We implement the following security measures following ISO 27001 principles: ENCRYPTION: - Data in transit: TLS 1.3 - Data at rest: AES-256 encryption on AWS S3 and RDS ACCESS CONTROL: - Mandatory Multi-Factor Authentication (MFA) for all accounts - Role-based access control - Session expiry after 24 hours of inactivity MONITORING: - Complete audit log of all actions with timestamp, user, and IP address - Security event monitoring and alerting INCIDENT RESPONSE: - Data breach notification within 72 hours as required by UAE PDPL - Incident response procedures in place
We use the following cookies: ESSENTIAL COOKIES (cannot be disabled): - srivtch_session: Authentication session token (httpOnly, secure, 24 hours) Purpose: Keeps you logged in securely Cannot be disabled as the Platform cannot function without it We do NOT use: - Marketing or advertising cookies - Social media tracking cookies - Analytics cookies that track you across other websites - Third-party tracking pixels Our session cookie is httpOnly (cannot be accessed by JavaScript) and Secure (only sent over HTTPS).

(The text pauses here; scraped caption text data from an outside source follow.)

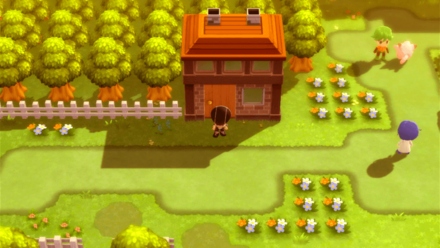 Berry Woman in Pastoria City.png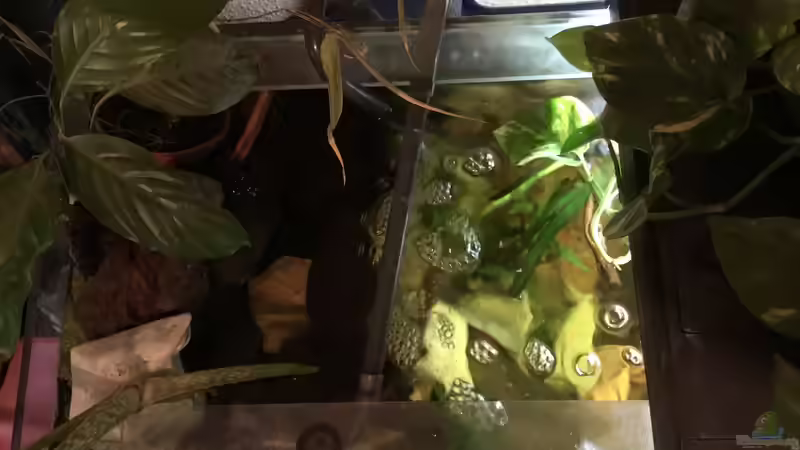 Strömungsdüse und Lochrohr  von Reneè Thissen (6)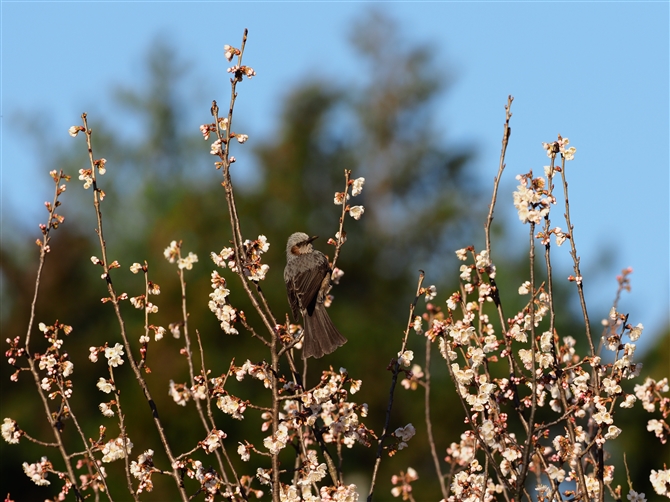 <%qh,Brpwn-eared Bulbul,Masked Booby%>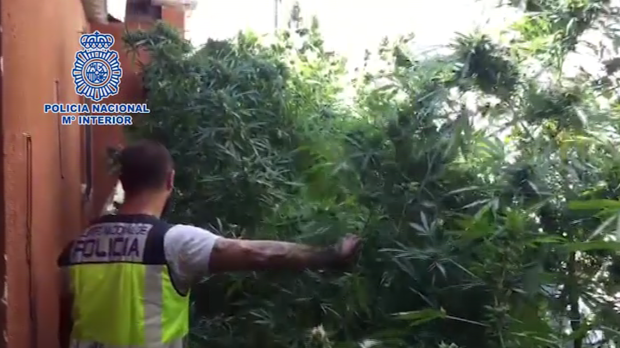 Desarticulada una red dedicada al cultivo de marihuana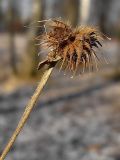 Geum urbanum. Верхушка побега с зимующими плодами. Чувашия, г. Шумерля, городской парк. 25 декабря 2008 г.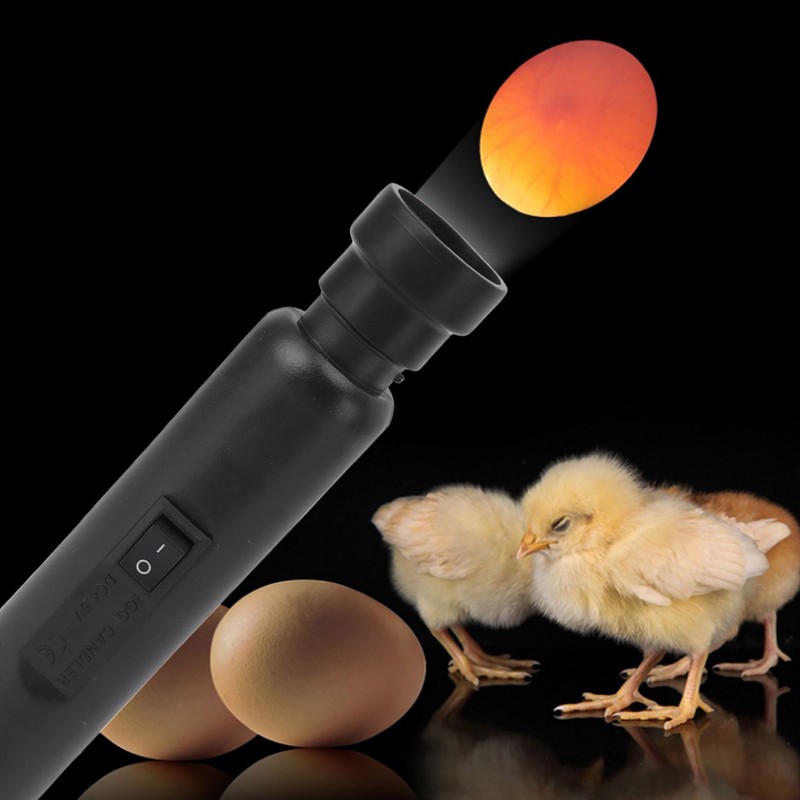 Egg Candler Stable USB ABS Cold Light LED Egg Tester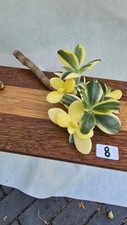 Używany, Grubosz CRASSULA ALBA  na sprzedaż  PL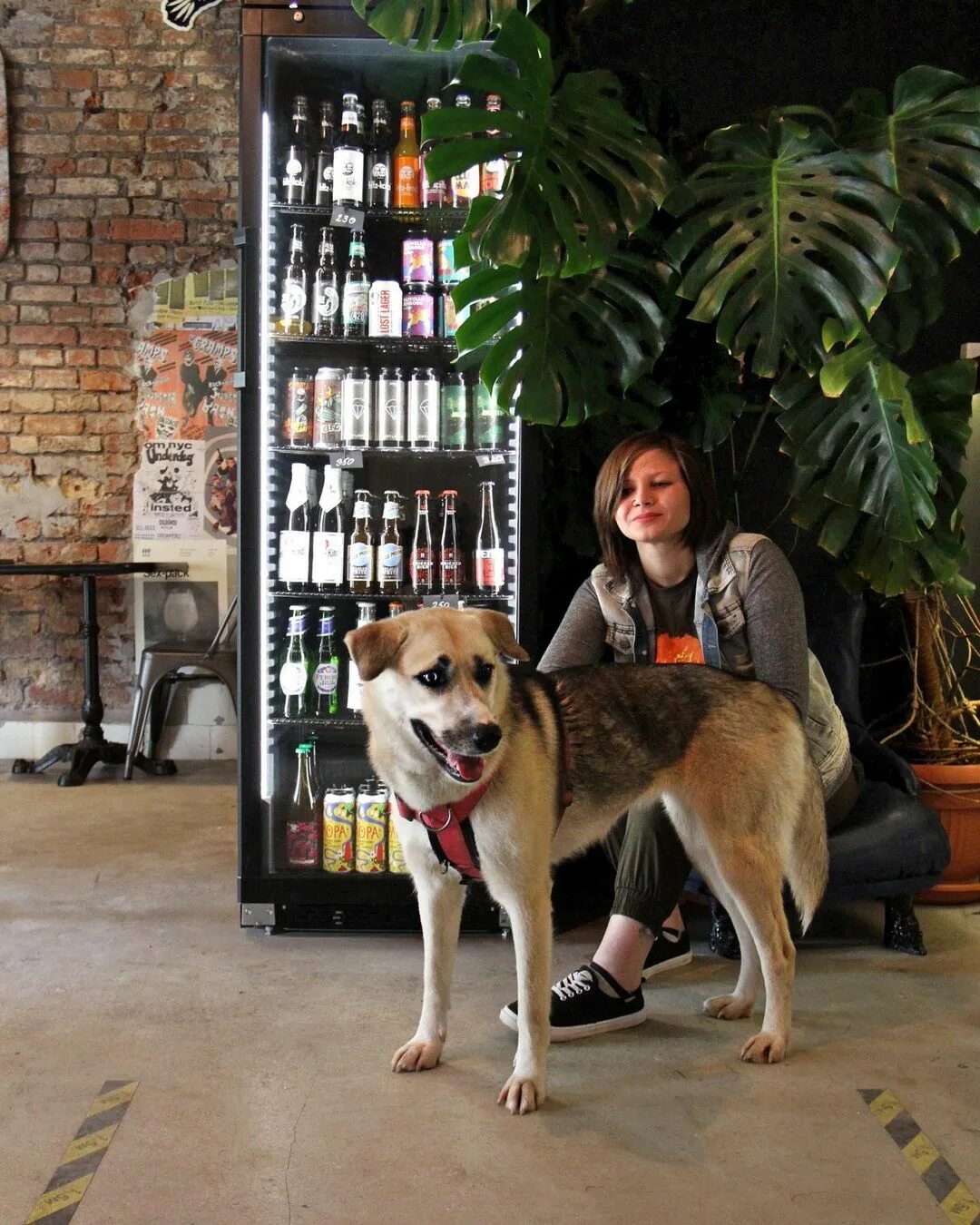 Собака в кафе. Животные в ресторане. Куда можно пойти с собаками. Популярные дог блогеры. Куда можно пойти с собаками.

Your data is stored and processed in the following locations: PRIMARY: AWS eu-west-1 (Dublin, Ireland) — EU data protection standards apply AI PROCESSING: AWS Bedrock eu-west-1 (Ireland) — transient processing only Data transfers are protected by: - AWS Data Processing Agreements - Standard Contractual Clauses (SCCs) - AWS certification under applicable data protection requirements We do not transfer your financial data to countries without adequate data protection laws.
Invoxa is intended for use by businesses and adults aged 18 and above. We do not knowingly collect personal data from individuals under 18 years of age. If we become aware that we have collected data from a minor, we will delete it immediately.
We may update this Privacy Policy from time to time. We will notify you of material changes via email at least 14 days before they take effect. The date of the latest revision is shown at the top of this policy. Continued use of the Platform after changes constitutes acceptance of the updated Privacy Policy.
For privacy-related questions or to exercise your rights: Email: sriv@srivtch.com If you are not satisfied with our response, you may lodge a complaint with: UAE Ministry of Economy — Consumer Protection Department Website: www.economy.gov.ae
Invoxa follows ISO 27001 and ISO 42001 principles in its security architecture and AI governance practices. Our privacy practices are designed to align with UAE PDPL (Federal Decree Law No. 45 of 2021). Important: Invoxa is not formally certified under ISO 27001, ISO 42001, or any other standard at this time. Certification is actively being pursued. These standards are referenced to describe our approach and commitment to data protection, not to imply regulatory approval or certification status. Users should seek independent legal and compliance advice for their specific regulatory obligations.
This Privacy Policy complies with UAE Federal Decree Law No. 45 of 2021 (Personal Data Protection Law). We follow ISO 27001 and ISO 42001 principles. Formal certification is in progress.